───── MATERIAL PROVIDED

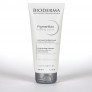 Bioderma Pigmentbio Crema Limpiadora Exfoliante 200 ml REGALO Minitalla Pigmentbio C Concentrate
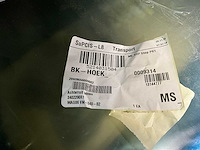 Case ih ih onderdelen - afbeelding 3 van  3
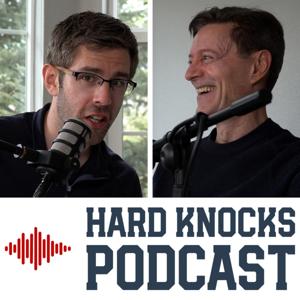 Hard Knocks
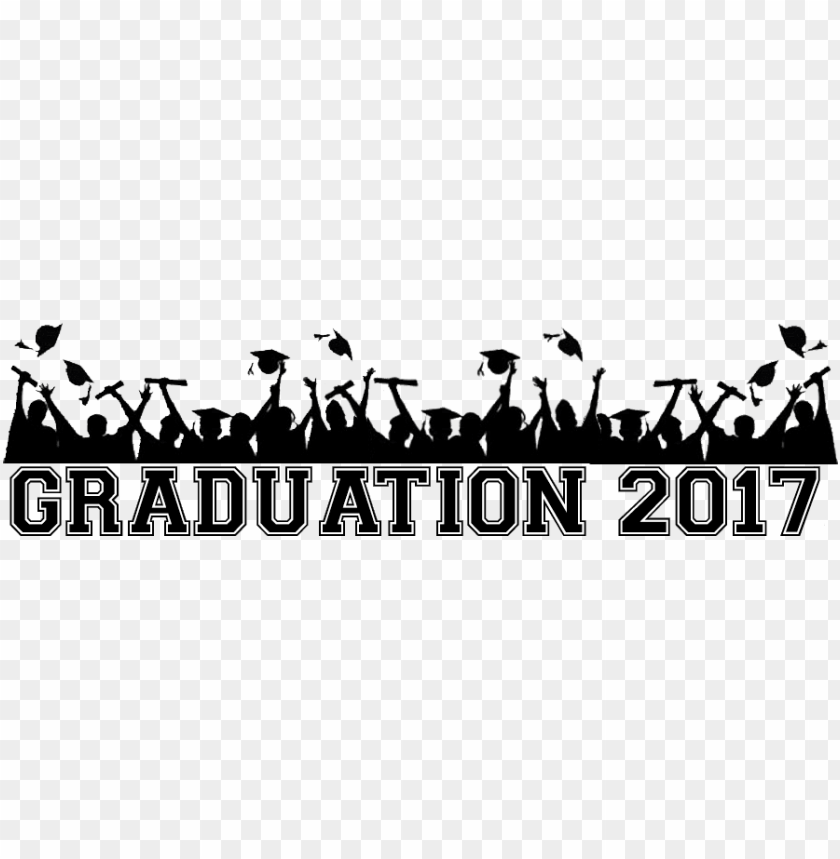 05 - 22 - 2017 - congratulations graduate what's next - chakravyuh:  vidvananchya shadayantrachm chakravyuh PNG image with transparent background  | TOPpng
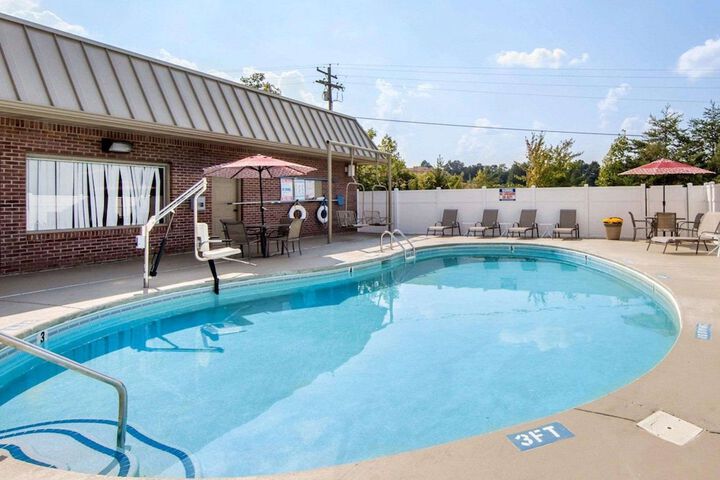 Pool 3 of 28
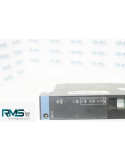 TSXMAP1074- Module de communication - Telemecanique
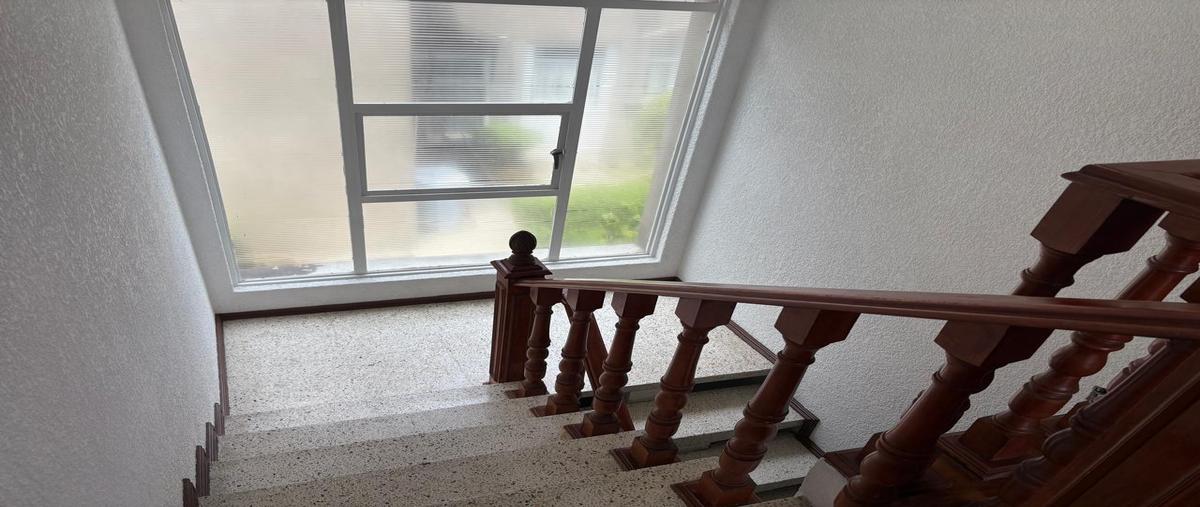 Foto de oficina en renta en  , san miguel apinahuizco, toluca, méxico, 0 No. 05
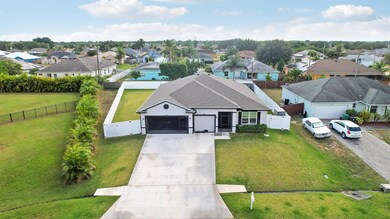684 SW Jada Rd, Port Saint Lucie, FL 34953 - photo 2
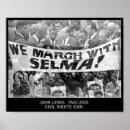 Recherche de voting posters Pour tous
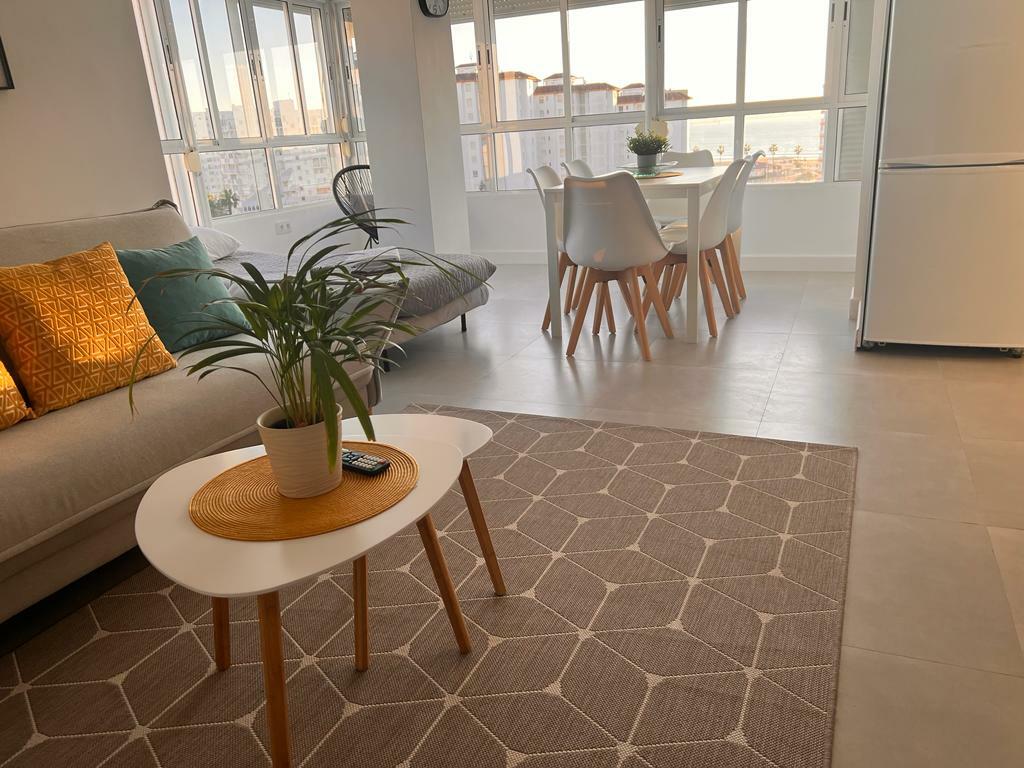 WhatsApp Image 2023-01-28 at 16.31.20 (2).jpeg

──────────

:: REQUIRED ACTION ::
Which lines run from the one that holds "Foto de oficina" to the final line of the records above? Return them exactly, and skip the pictures.

:: WRITTEN SOLUTION ::
 Foto de oficina en renta en  , san miguel apinahuizco, toluca, méxico, 0 No. 05
684 SW Jada Rd, Port Saint Lucie, FL 34953 - photo 2
 Recherche de voting posters Pour tous
 WhatsApp Image 2023-01-28 at 16.31.20 (2).jpeg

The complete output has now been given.